Monday, May 07, 2007

A Bit About Clayboard

I thought I'd write some info about the "Claybord" (an Ampersand product) support that I like to paint on.
I had a problem last fall and suddenly hated painting on linen/cotton. The weave just threw me off. I hated the way my brush dragged on it. I had some panels that were like just a white masonite and I loved the very smooth, slick surface, but I did not remember where I got them (and no product info on the back). I also wanted to try to paint on a black surface and so tried black Claybord. I love the slick surface - my brush just glides over it and leaves a nice stroke, no dragging and no weave showing through. I get richer colors and feel that I can see my painting better as it develops out of the dark surface.
Claybord is made for scratch techniques and an excellent example of this is the art of Naquaiya (see my right column for a link).

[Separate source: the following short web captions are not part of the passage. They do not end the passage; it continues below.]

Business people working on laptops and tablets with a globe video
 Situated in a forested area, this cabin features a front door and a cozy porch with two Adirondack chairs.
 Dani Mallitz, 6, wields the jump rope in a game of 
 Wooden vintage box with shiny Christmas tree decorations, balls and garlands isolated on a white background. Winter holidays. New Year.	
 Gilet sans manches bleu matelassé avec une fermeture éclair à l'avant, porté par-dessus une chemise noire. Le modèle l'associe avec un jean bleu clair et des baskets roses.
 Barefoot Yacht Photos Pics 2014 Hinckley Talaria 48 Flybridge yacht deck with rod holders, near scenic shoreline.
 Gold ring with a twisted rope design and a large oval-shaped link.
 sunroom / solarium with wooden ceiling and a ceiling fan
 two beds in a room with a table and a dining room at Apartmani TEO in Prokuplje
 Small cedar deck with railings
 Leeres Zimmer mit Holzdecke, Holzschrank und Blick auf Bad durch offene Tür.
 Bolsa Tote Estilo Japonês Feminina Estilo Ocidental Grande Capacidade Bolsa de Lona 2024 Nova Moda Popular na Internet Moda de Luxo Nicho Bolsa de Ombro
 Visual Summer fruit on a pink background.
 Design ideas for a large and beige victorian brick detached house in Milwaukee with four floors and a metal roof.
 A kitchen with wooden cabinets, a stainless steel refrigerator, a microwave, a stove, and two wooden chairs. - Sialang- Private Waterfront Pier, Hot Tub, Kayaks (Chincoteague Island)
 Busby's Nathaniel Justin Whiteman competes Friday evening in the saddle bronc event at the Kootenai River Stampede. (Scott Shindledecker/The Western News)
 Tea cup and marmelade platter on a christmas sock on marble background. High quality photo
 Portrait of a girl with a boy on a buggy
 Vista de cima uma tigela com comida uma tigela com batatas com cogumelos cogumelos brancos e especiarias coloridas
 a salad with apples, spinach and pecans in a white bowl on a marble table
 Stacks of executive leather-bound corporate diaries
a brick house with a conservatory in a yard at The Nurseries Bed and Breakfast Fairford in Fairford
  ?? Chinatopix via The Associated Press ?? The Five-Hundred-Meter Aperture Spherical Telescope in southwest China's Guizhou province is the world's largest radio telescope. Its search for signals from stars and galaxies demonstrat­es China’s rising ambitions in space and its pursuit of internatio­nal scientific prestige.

But I checked with Ampersand and some historical information and it can be used for oil painting. Turns out some of the masters used clay in their supports and its especially good for glazing techniques.
It IS absorbant though and oils will dry quickly and almost powdery (esp. if you use a lot of white). So before painting, I spray the surface with a coating of damar retouch varnish to seal it and retard that absorption. That helps quite a bit and then when the painting is dry and I varnish it, the paint shines beautifully and the brushwork is really luscious, with no weave! Its all just the texture of the brush and oils. And I love it. I am so glad that I found the surface. Now, gessoboard is a close second to this surface and I do use it as well (painting it first with black gesso), but the brush does not glide quite so well. I use a lot of long strokes in my work too, so the slicker surfaces are ideal for me.
To see a work on black clayboard progress click here.

1 comment:

Anonymous said...

Thank you for this information! Your paintings are wonderful!